Criticising National Party leader Don Brash and his proposed tax cuts requires a slightly more serious expression from Mr Peters.
Mr Peters then rounded on his chuckling audience, and told the media that he wished they would pay attention to what were in his opinion fundamentally flawed statements made by Don Brash regarding tax cuts.
“If you look at what is being said by Dr Cullen as to what is available [for tax cuts] he is right – there is about two billion dollars available - not the amount that Don Brash talks about. Don Brash has signed up to the Cullen fund. Straight there is a sizeable chunk that he [Don Brash] is talking about for tax cuts, which he must know surely as the [former] Governor of the Reserve Bank is not available.
"I wish some of you actually examined some of the comments Dr Brash is making. He claims to be an economic expert - that statement is fundamentally flawed when he says that money is available,” explained Mr Peters.
Mr Peters then drew the media's attention to an answer Don Brash had given to a television interviewer regarding whether Don Brash favoured tax cuts across the board. [*]
“There was a long pause when he was asked one night on television: 'Does that mean for everybody?’- a long pause – a glazed eye look, and then he said yes.”
Mr Peters surmised Dr Brash must have been offering the electorate a full packet of chewing gum instead of the half a packet of chewing gum he considered was offered in Dr Cullen’s recent budget.
Mr Peters also spelled out some of the key policy planks of NZ First’s 2005 election campaign which included;
- a focussed immigration policy
- bolstering Police numbers
- ensuring New Zealand assets remain in New Zealand hands
When Mr Peters mentioned ensuring New Zealand assets remain in New Zealander’s hands he intimated he was keen to regain the “ownership of New Zealand”. This particular policy would hint at a slight change of tack for New Zealand First. During the New Zealand First/National coalition the Government’s share of Auckland International Airport was sold.
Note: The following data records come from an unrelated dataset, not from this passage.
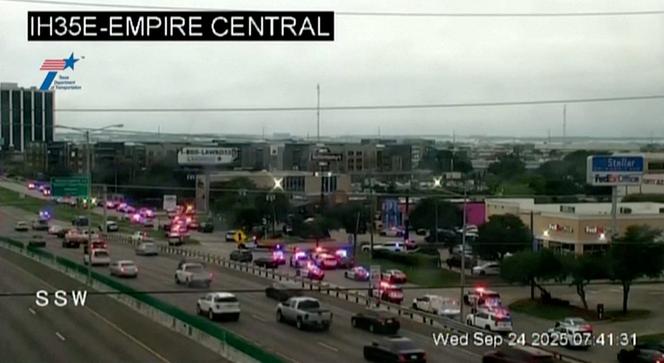 Des voitures de police et des ambulances à Dallas, le 24 septembre 2025.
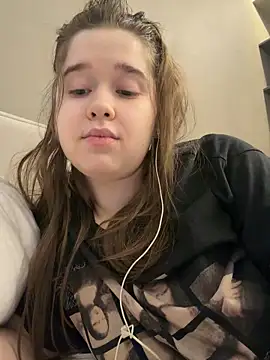 HornyGirlH live sex cam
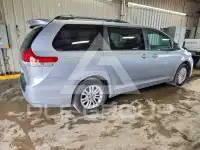 2011 Toyota SIENNA фото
In Winston Peters' May 14 1998 Budget Speech he outlined his then policy of selling various New Zealand owned assets.
"Key initiatives announced in the 1998 budget include decisions to negotiate with local government shareholders to divest the Crown's ownership interest in Auckland International Airport . . . The government has also started the process of divesting the Crown's ownership interests in the coal mining State Owned Enterprise, Solid Energy."
Auckland International Airport recently paid out a $200 million distribution to its mainly foreign shareholders.
NZ First did however oppose selling Television New Zealand – an idea which many within the 1990s National administration were particularly keen on.
* Mr Peters was probably alluding to a recent Agenda programme where Simon Dallow questioned Dr Brash regarding National’s tax policy.
SIMON: On the 13th of July 2003 you said you would reduce company tax and the top two personal rates to 30%, in a press release on the 17th of March last year you said National's top priorities for tax reductions and tax relief for low to middle income families. What is it? Who's getting it?
DR BRASH: We're committed to have tax relief for all hard working New Zealanders that’s what I've said that’s the latest statement I've made and that’s what we'll stick with.
- SIMON: So by all the hard working New Zealanders you mean across the board?
- DR BRASH: I mean across the board.
- SIMON: Including the lowest tax bracket?
DR BRASH: Let's wait and see the details Simon I don’t want to go further than that.